Allez-vous poser beaucoup de règles ?

M. L. : Non, et les moins strictes possibles. Je suis le garant de l'état d'esprit du groupe mais je veux responsabiliser les joueurs. C'est la première fois en quatre ans que j'ai un groupe sur la durée, avec des joueurs a priori reposés même si on a une problématique avec des blessés. Ils savent ce que j'attends d'eux. Pendant l'aventure, il y aura du stress, de la fatigue, des tentions. Cinquante personnes pendant quatre mois, c'est énorme, mais on parle aussi de plaisir. J'attends un groupe exemplaire. Ils ne doivent pas oublier qu'ils ont été enfants et qu'ils ont rêvé. Je veux un groupe ouvert vers l'extérieur, pas de vase clos. J'ai accepté toutes les missions demandées par l'organisation sur place avec des enfants, des éducateurs, tout en étant missionnés sur notre objectif.

Est-il possible qu'un Knysna se produise en Nouvelle-Zélande ?

M. L. : Je n'étais pas dans le bus, je ne sais pas ce qui s'est passé, même si on a entendu toutes les versions. Je ne vois pas Servat, Dusautoir ou autre refuser de descendre d'un bus de l'équipe de France pour aller s'entraîner. Le rugby est pro. Il est confronté à beaucoup d'individualisme, mais je suis garant de l'état d'esprit du vestiaire, de cette cohésion, du partage et de l'altruisme. Je pense qu'on est à l'abri, mais je parle souvent de vigilance.

Avez-vous réglé en interne le chapitre de l'Italie ?

M. L. : Tout n'est jamais complètement réglé.
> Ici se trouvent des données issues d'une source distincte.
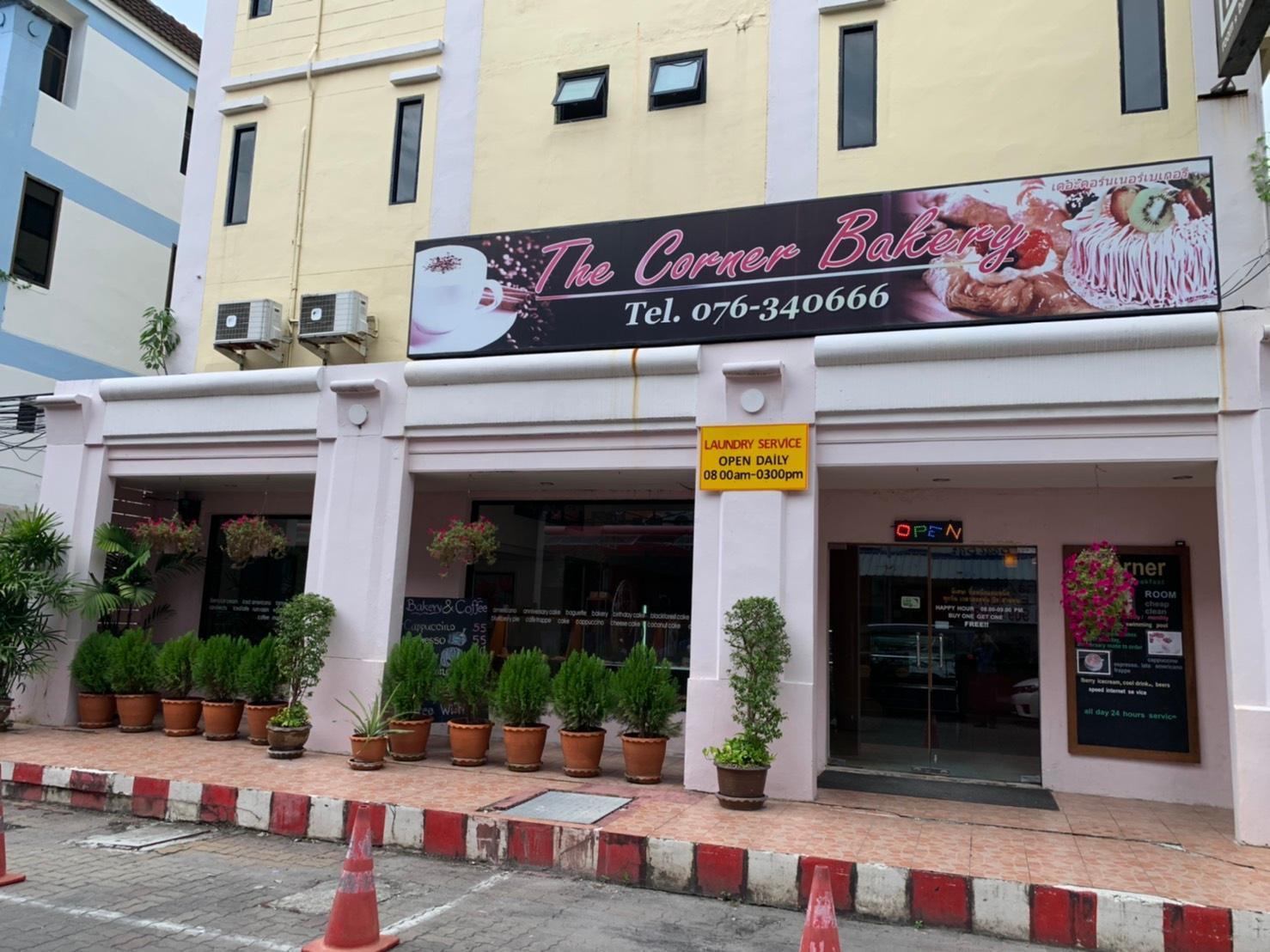 Vista Lobby The Corner Hotel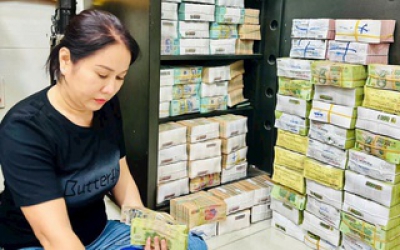 Người đàn ông ở Bình Dương mua gần 400 tờ vé số, bất ngờ trúng thưởng 32 tỉ đồng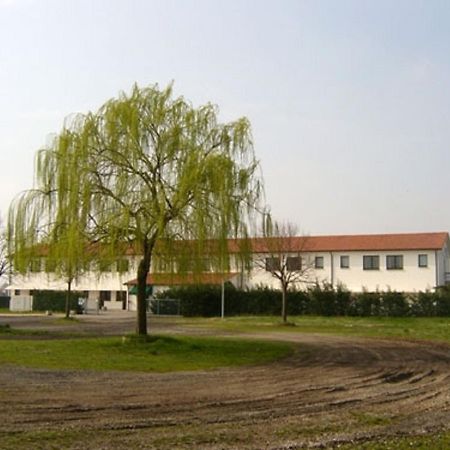 Hotel Lory Ficarolo Kültér fotó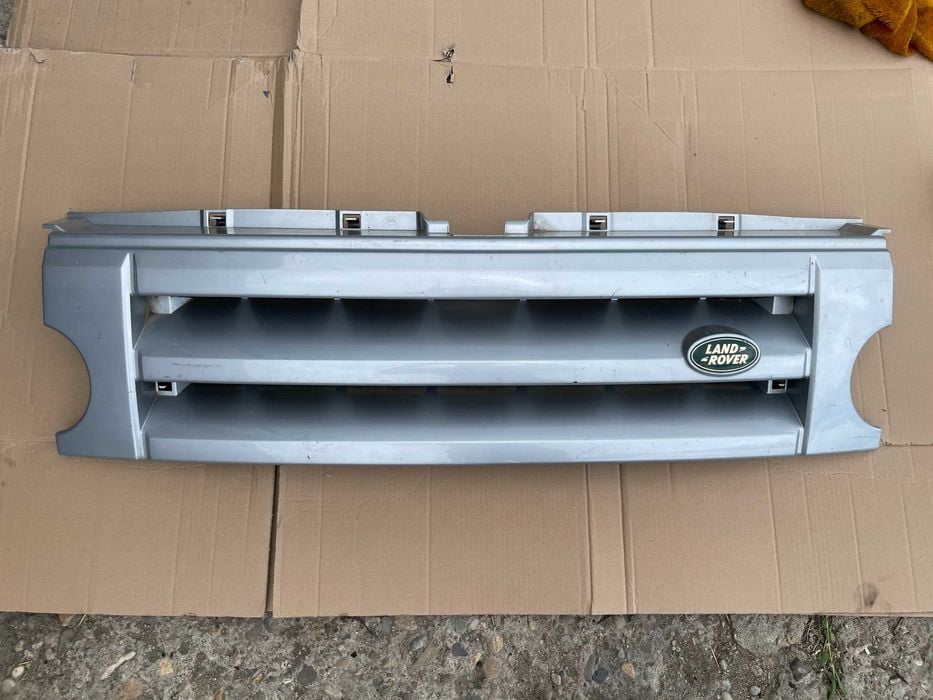 Grila Intre Faruri Land Rover DISCOVERY III 2004-2009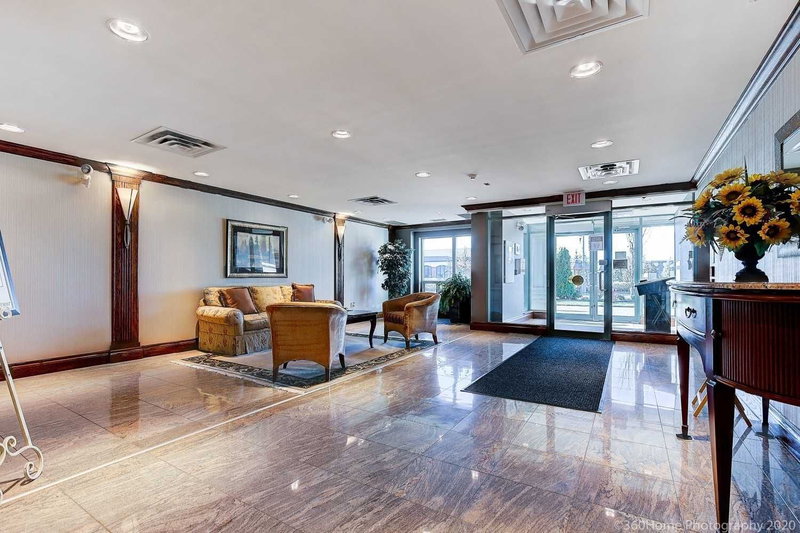 213 - 25 Via Rosedale Way, Brampton, L6R 3J8 | Image 3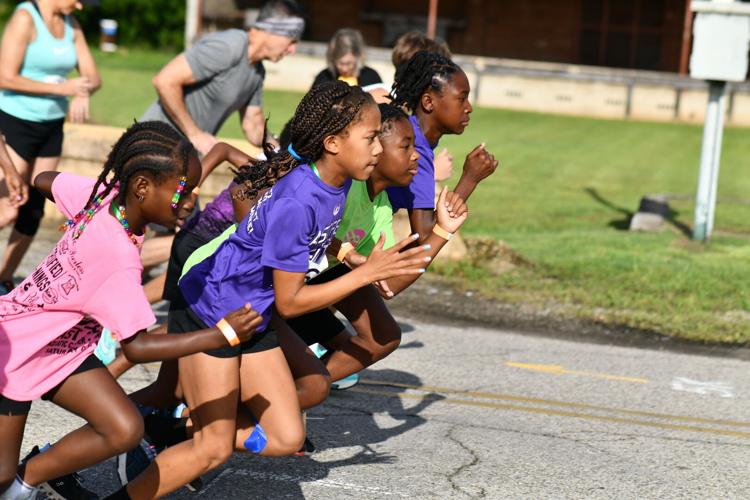 Fast Feet: Anniston's record-breaking running group makes fitness fun ...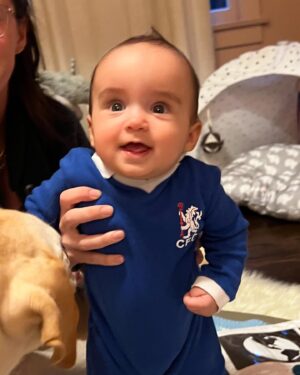 Charles Shaughnessy Instagram - With this beautiful boy behind them, Chelsea FC are going to pull off a miracle tomorrow. @chelseafc @realmadrid  #PutMeInCoach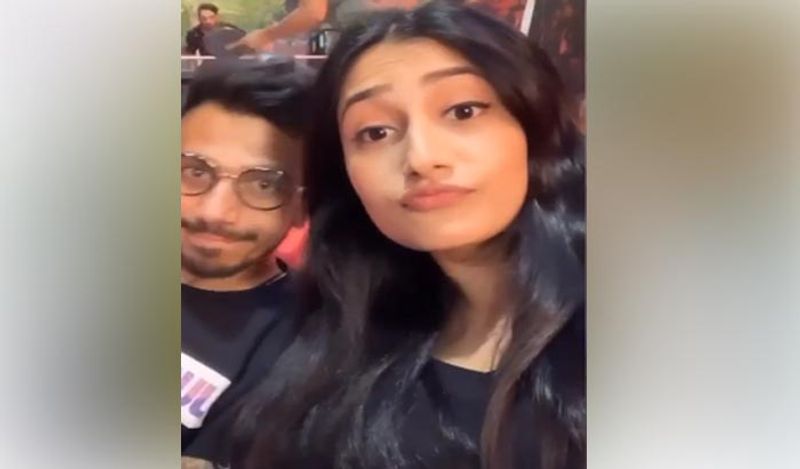  धनश्री और चहल ने इंस्टाग्राम पर सेम स्टोरी शेयर की है। इसमें ये लव बर्ड मैच के बाद स्टेडियम में मस्ती करते नजर आ रहे हैं। क्वारेंटाइन रहने के बाद उनकी मुलाक़ात का ये पहला मोमेंट है। 
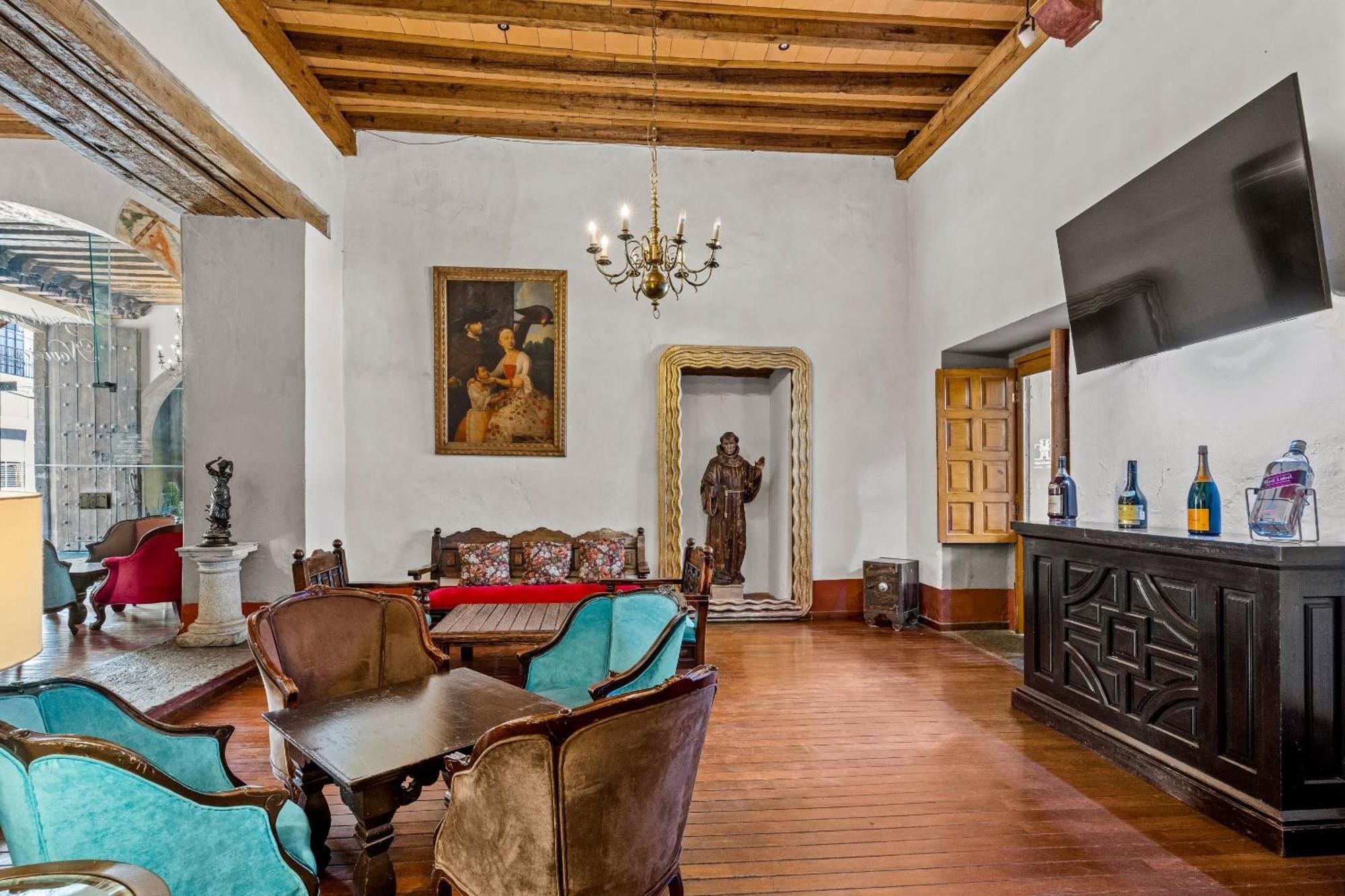 Отель Quinta Real Пуэбла Экстерьер фото Interior of the house
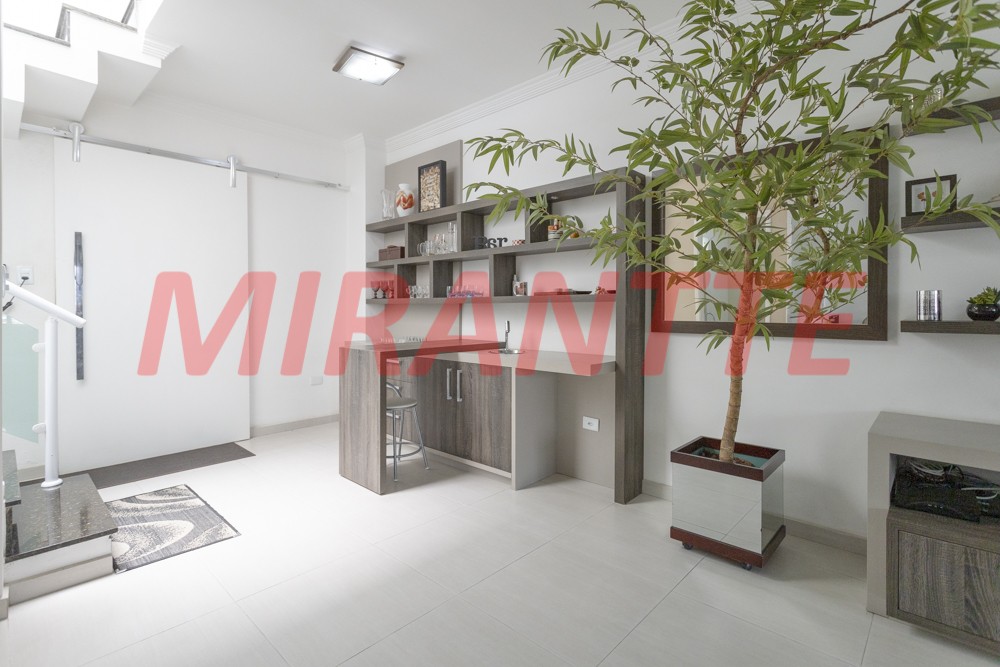 Sobrado de 240m² com 3 quartos em Parada Inglesa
L'Italie, c'était lié à l'organisation du rugby français, compliquée, qui fait que les joueurs sont pris entre le marteau et l'enclume, entre l'équipe de France et les clubs, entre des sensibilités différentes. J'en suis à minuter mes séances d'entraînement et on fait souvent du bricolage par rapport à nos adversaires. Cela fait trois ans qu'ils préparent les joueurs, avec un suivi. Nous, il va falloir aller sur de la réathlétisation pour certains, des soins pour d'autres. J'aurais aimé, le 28 juin, avoir trente gladiateurs reposés et performants.

Vous pouvez rassurer tout le monde sur le fait qu'on ne reverra pas un groupe distendu ?

M. L. : Je suis bien placé pour vous dire que l'ambiance est bonne. Le ciment d'un groupe est la victoire. On n'a pas été super bien servi ces dernières années, j'en ai la responsabilité car je porte le projet. Mais on est au sommet de (il ne finit pas sa phrase et cherche ses mots)... Vous parliez de tensions, il y en a entre la FFR et la Ligue, entre les présidents entre eux, c'est le contexte français. Le groupe vit bien, vous le verrez, on sera très très ouverts, je n'ai aucune crainte par rapport à ça. Des non-dits et des tensions, il y en aura toujours. Il faut se dire les choses, crever des abcès, les trente élus devront partir comme une famille de grands frères. La semaine entre l'Italie et le Pays de Galles a été magnifique humainement. On est entraîneur pour ça, pour ces émotions. On passe de la colère, à l'apaisement, on réexplique, on réimplique les joueurs, puis vient une forme de pardon.

Où en est le projet de jeu ?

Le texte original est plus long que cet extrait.